DATA SEGMENT:
= = =

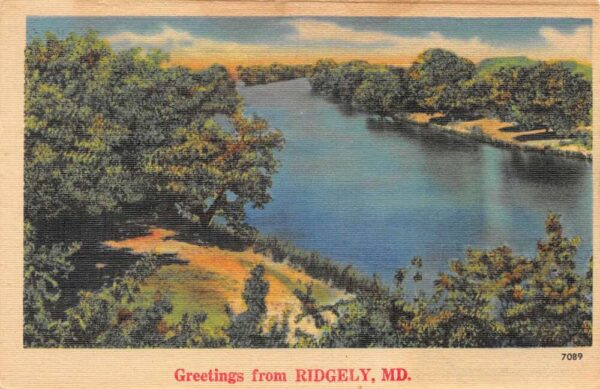 Ridgeley Maryland Greetings Scenic View Vintage Postcard AA87328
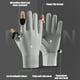 thumbnail image 5 of Guantes para el sol Seda de hielo Protección UV Guantes de pesca Antideslizantes Transpirables Guantes con 2 dedos cortados para hombres Verano Pesca al aire libre Correr Ciclismo YUNYI BRAND Deportes, 5 of 8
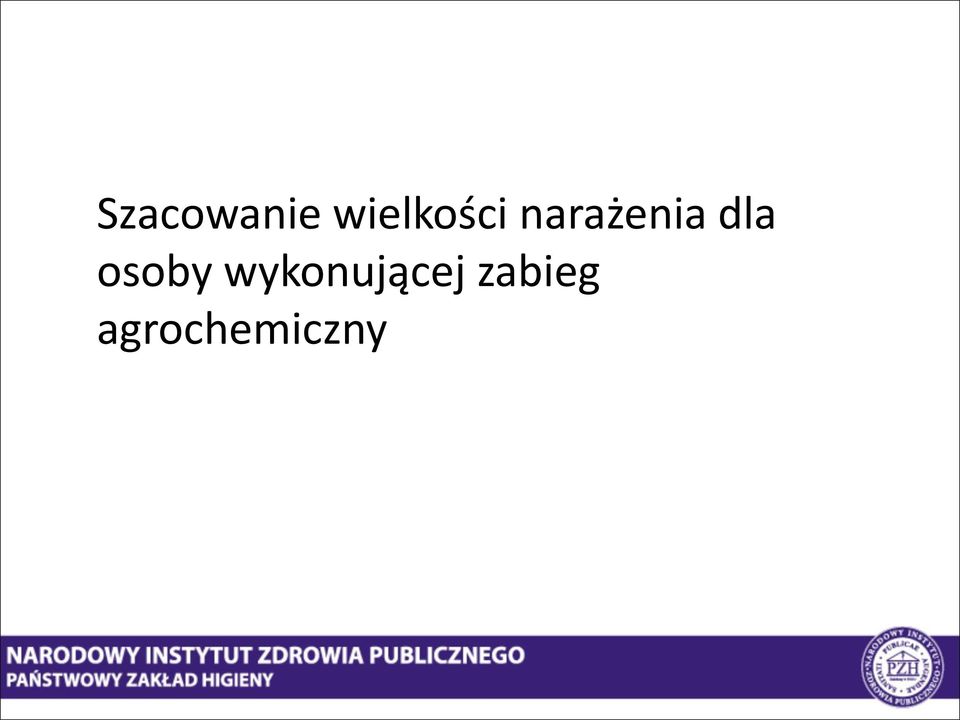 narażenia dla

= = =

WORK REQUIRED:
When you write out the data, keep every line exact and drop the pictures.

SOLVED EXERCISE:
 Ridgeley Maryland Greetings Scenic View Vintage Postcard AA87328
 thumbnail image 5 of Guantes para el sol Seda de hielo Protección UV Guantes de pesca Antideslizantes Transpirables Guantes con 2 dedos cortados para hombres Verano Pesca al aire libre Correr Ciclismo YUNYI BRAND Deportes, 5 of 8
 narażenia dla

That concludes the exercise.